In March of last year, Bush declared that the US was unilaterally abandoning the 1997 Kyoto Protocol, which, if ratified, would have required the US to reduce emissions by about 7 percent below 1990 levels within a decade. At the time, Bush declared that he would present an alternative plan that would not have such a harmful effect on the American economy as, he claimed, the Kyoto Protocol would.

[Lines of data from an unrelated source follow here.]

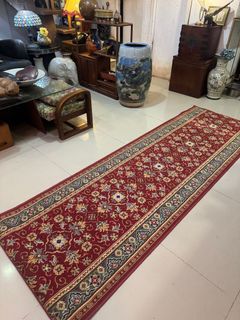 Traditional Oriental hallway runner rug/carpet 96 inches x 31 inches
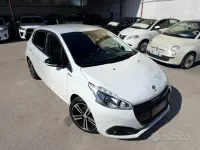 Usata Peugeot 208 GT-line 120 CV (88 kW) 2018 Bianco Utilitaria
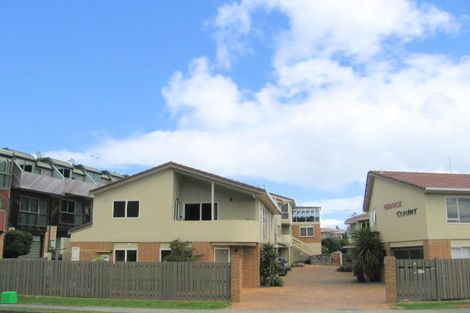 Photo of property in 60 Maunganui Road, Mount Maunganui, 3116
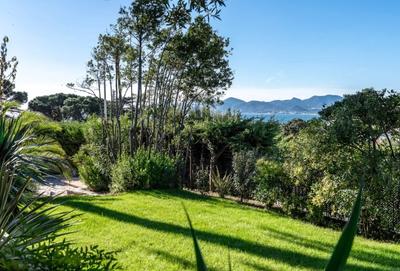 Appartement - 270 m² - 7 pièces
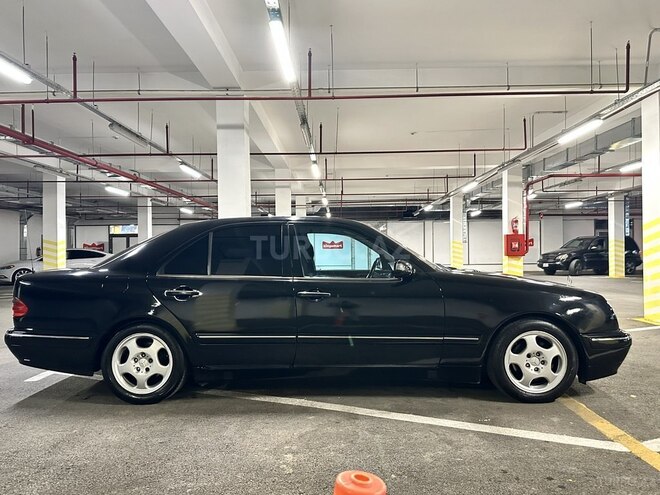 Mercedes E 240 1999, 482,000 km - 2.4 l - Bakı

In language reminiscent of the administration’s rational for its tax-cut proposals, the new plan is being promoted as a measure that will guarantee economic growth and secure jobs for American workers. In a speech to the National Oceanic and Atmospheric Administration, Bush declared, “This new approach is based on the common sense idea that sustainable economic growth is the key to environmental progress—because it is growth that provides the resources for investment in clean technologies.” White House spokesman Ari Fleischer argued that mandatory emission caps “would have a screeching-halt effect on the economy, and people would lose their jobs as a result.”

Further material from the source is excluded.